Every Moment That Changes Life, Changes Your Taxes Too

Life is full of changes, in fact change is the only constant in life. People can experience their life-changing drastically over just one year, maybe joyously, challengingly or painfully. Whether new beginnings or divorce, the addition of a new member in the family or death, everything has its tax implications.

Any event not only changes lives but has a major effect on your tax consequences as well. While calculating the income tax for the year, the tax calculator can assist in the determination of the tax breaks that are qualified owing to the event that took place in the Tax Year.

Here are some of the life-changing events along with their tax implications:

Getting hitched

Tax situations alter dramatically after tying the knot as it changes the filing status. There are two options under which return can be filed: married filing jointly and married filing separately. Couples with different salaries might benefit from filing the return jointly. The spouse with lower income can pull the other into a lower tax bracket thus minimizing the taxes. Moreover, those who file their tax return jointly get increased standard deductions, higher limits for charitable contribution and the spouse with no job or income can have their IRAs.

However, filing your return separately can benefit in some special situations. For example, if one of the spouses owes back taxes, then the refund amount can go to that person’s account of filing jointly.

Having a baby

Along with bringing the joys of parenthood, a baby known as ‘a little deduction’ brings great deduction in the taxes. However, after the Tax Cuts and Jobs Act, 2017 overhauled the US tax code, personal and dependent exemptions were eliminated.

Although standard deductions were raised to $12000 for single filers and $24,000 for married couples filing jointly. Further, the child tax credit has also been expanded under the tax reform and other valuable tax credits for the baby like Earned Income Tax Credit, and the Child and Dependent Care Credit also existed. The provisions to claim these deductions and credits are that the parents must claim their child as a dependent on the tax return and the child must be a U.S. citizen, U.S. national or resident alien.

Sending Teenagers to College

The cost associated with education can pay dividends in terms of tax benefits. The American Opportunity Credit offered by the IRS gives credit to the parents up to $2,500 per year of each dependent child. The Lifetime Learning Credit is worth up to $2000.

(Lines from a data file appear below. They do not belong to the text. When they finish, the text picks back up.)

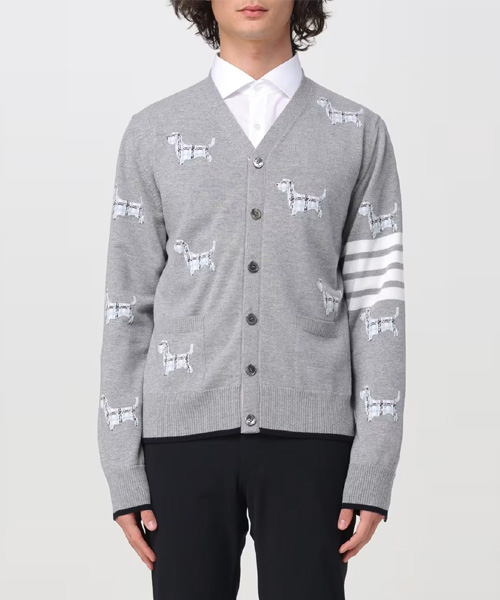 울 4-바 브이넥 헥터 가디건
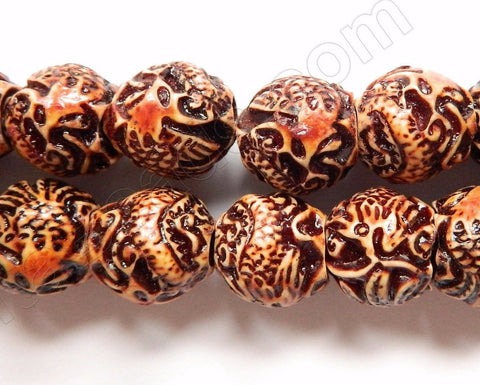 Synthetic Bone, Resin Beads - Carved Dragon - 17x20mm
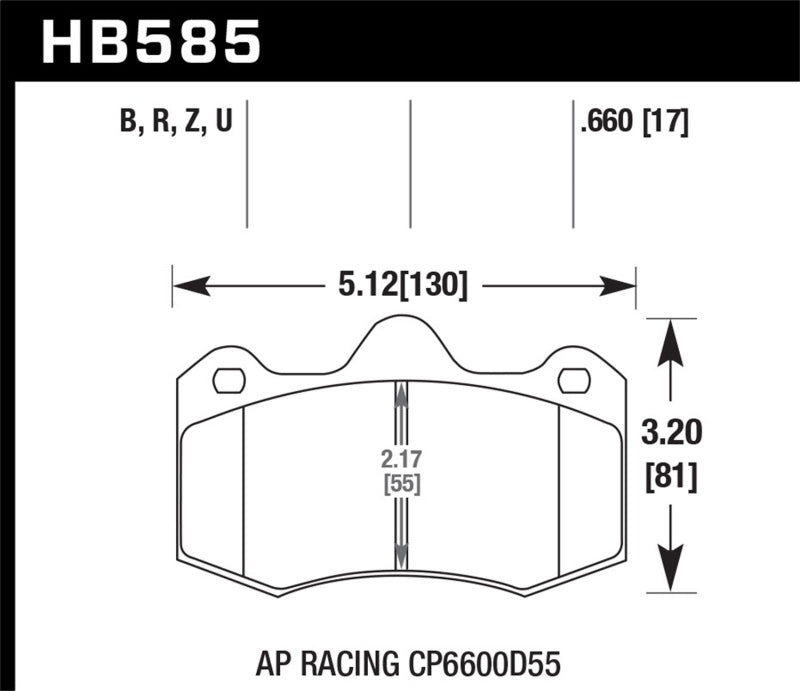 Hawk Performance HB585B.660 -Hawk 12-14 McLaren MP4-12C HPS 5.0 Front Brake Pads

Moreover, the student loan is also deductible up to $2,500 of the interest on the taxes as long as the parents do not claim the student as a dependent on their tax return. The students can also get a deduction up to $4000 for the qualified educational expense using the tuition and fees deduction.

Getting divorced

Divorce is already difficult enough and if the separation took place this year then, a different tax situation can add to this pain, particularly with new tax reform. You may have to file the tax return on you own for the first time. A great tax estimator is freely available on the internet: the tax calculator, which can bring a little relief for the difficult transitions of life.  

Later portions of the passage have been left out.